Große Freiheit – ein Kommentar von Prof. Dr. Fauser
Geschrieben von Prof. Dr. Peter Fauser als Email an Matthias von Hintzenstern, der als Cellist mitwirkte im Workshop und Konzert des „Intuitive Music Orchestra“ unter der Leitung von Markus Stockhausen, am 6. und 7. November 2018 bei den 31. Tagen Neuer Musik in Weimar.
GLÖ, den 8. November 2018
Lieber Matthias,
es drängt mich, Dir und Euch, dem Werkstattensemble, nach dem gestrigen Konzert ein paar Zeilen zu schreiben.
Ich hatte ja die Möglichkeit, bei der ersten Phase Eurer Probenarbeit am Dienstag dabei zu sein, und das war für mich gestern Abend doch ein sehr wichtiger Hintergrund.
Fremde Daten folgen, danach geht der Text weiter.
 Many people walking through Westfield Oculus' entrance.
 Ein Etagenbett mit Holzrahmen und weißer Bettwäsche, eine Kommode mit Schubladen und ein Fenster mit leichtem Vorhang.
Mir hat sich das Zusammenspiel, Eure musikalische Kommunikation, viel besser und leichter erschlossen, als wenn ich unvorbereitet ins Konzert gekommen wäre. So konnte ich sehr gut verfolgen, wie die Themen und Formen in der Musik entstanden sind, wie sie vom Ensemble aufgenommen, verwandelt, weitergedacht, erwidert wurden und wie sie wieder vergangen sind. Zwischen Dienstag und gestern haben sich die Mitwirkenden auf für mich frappierende Weise auch selbst „verwandelt“, wobei ich natürlich offen lasse, ob dieser Eindruck allein auf meiner begrenzten Wahrnehmung gründet.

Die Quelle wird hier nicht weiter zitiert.